İkinci yarının ilk 15 dakikalık periyodu da, ilk yarının son bölümü gibi oynandı. Hatta bu noktada Altınordu takımı ilk net pozisyonunu da buldu. Dakikalar ilerledikçe öndeki baskının temposu düştü. Tam dakikasında gelen Kone-Göksu imzalı gol bizi de, oyunu da rahatlattı.

Bundan sonraki süreçte zaten oyuna girme hazırlığını tamamlamış Gökay oyuna girdi. Osman hoca bu şekilde orta alanda ki oyuncu sayımızı üçe çıkardı ve dengeli bir 4-3-3 oyununa geçtik. Kone kanada, Göksu en öne geçti.

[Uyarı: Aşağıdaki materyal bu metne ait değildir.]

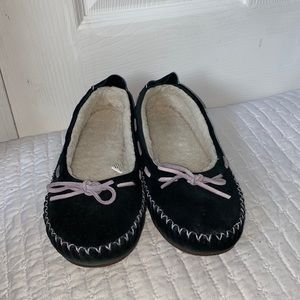L.L. Bean suede slipper moccasins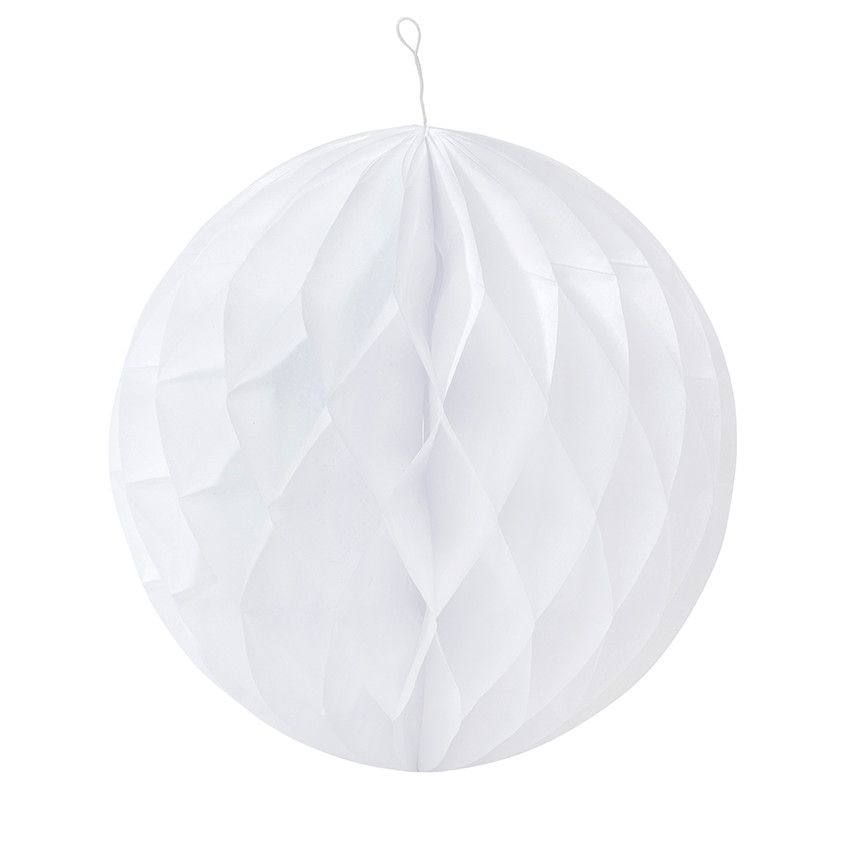 Set de 3 boules en papier effet alvéolé - Vert
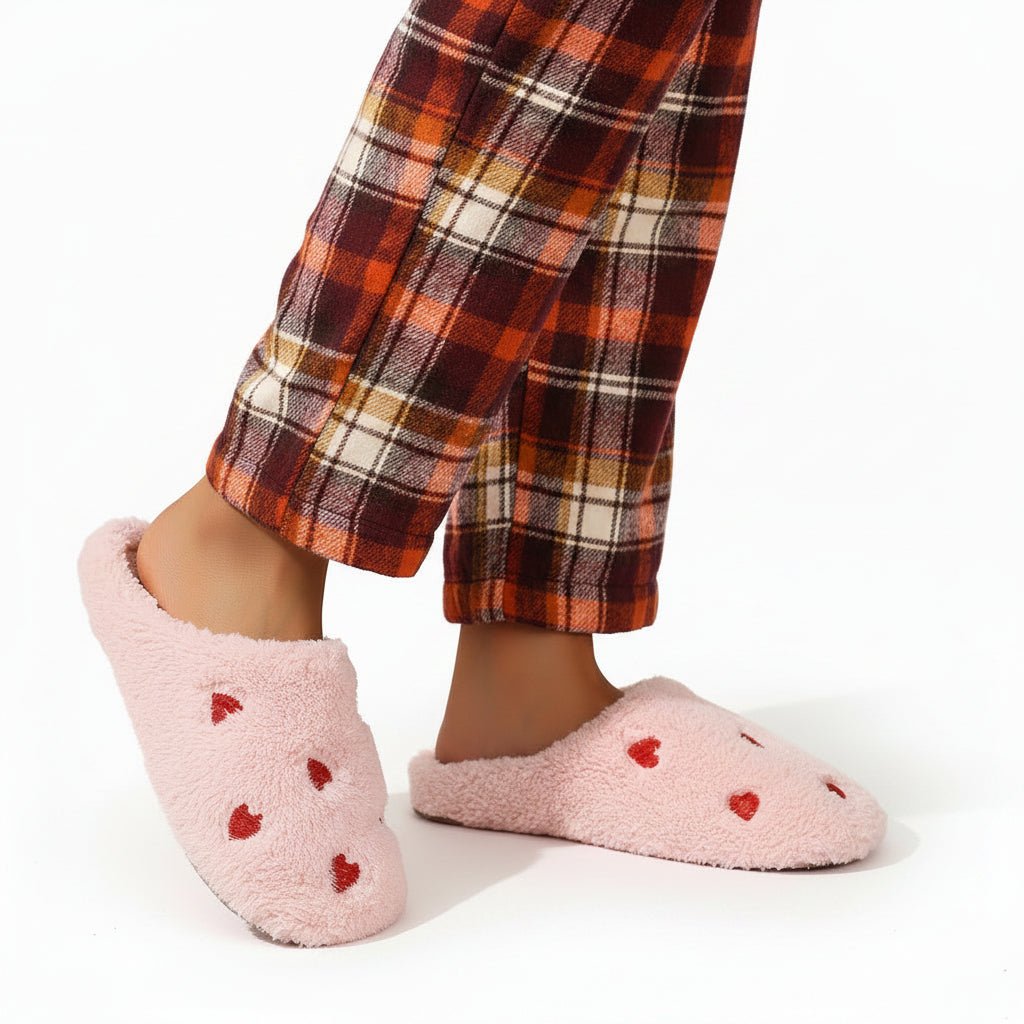 Orthopaedic Warm Heart Slippers for Women - Cute Cosy Support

Bu noktadan sonra temposu da düşen Altınordu orta sahasına çok net bir üstünlük kurduk ve ikinci golü de bulduk. Rakibin dirençsiz görüntüsü bizim takımı da rehavete sürükledi. Konsantrasyonumuz ve tempomuz düştü; bu sebeple de rakibe son dakikalarda hiç beklenmedik şekilde iki tane net fırsat verdik. Oyunun son 10 dakikalık dilimini de hoca oyunculara hatırlatmalı ve benzer bir lakayıtlığın telafisinin mümkün olmayacağını anlatmalıdır.

orhan

Bazı sosyal medya hesaplarında takımın ilk on biri açıklandığında yoğun bir eleştiri ile karşılaşıyoruz bunun son derece yanlış olduğunu düşünüyorum çünkü bu takımı hazırlayan ve hafta boyunca çalışan osman hocadır bırakalımda adam takımını idmandaki performansa göre çıkarsın ona bile tahammül edemiyoruz iş hakaret boyutuna kadar gidiyor bu iş takıma son derece zarar verecek boyutlara ulaşmıştır.Maçlarda gördüğümüz 5 veya 10 dakikayla yada oyuncunun  iki sene öncesi halini anımsadığımız için kadrolar kuruyoruz.Maç içerisindeki oyuncu değişikliklerini eleştirebiliriz fakat maç başlamadan çıkan  ilk on biri eleştirme hakkımızın olmadığını düşünüyorum.Birde taktığımız oyuncuyu ne yaparsa yapsın eleştiriyoruz örneğin mustafa sevgi bu takımda en az 5 hocayla çalışmış hepside adamı oynatmıştır ama biz hala valizini alsın gitsin o olsun bu olsun deyip duruyoruz,adamın taç atışını bile eleştirir olduk bu sadece bir örnek lütfen bu yaklaşımlardan kaçınalım enerjimizi ve motivasyonumuzu takımı desteklemeye verelim bu saatten sonra başkada çaresi yoktur diye düşünüyorum bu örnekleri çoğaltabiliriz.Maça gelince emeği geçen herkesi kutlar başarılarının devamını dilerim.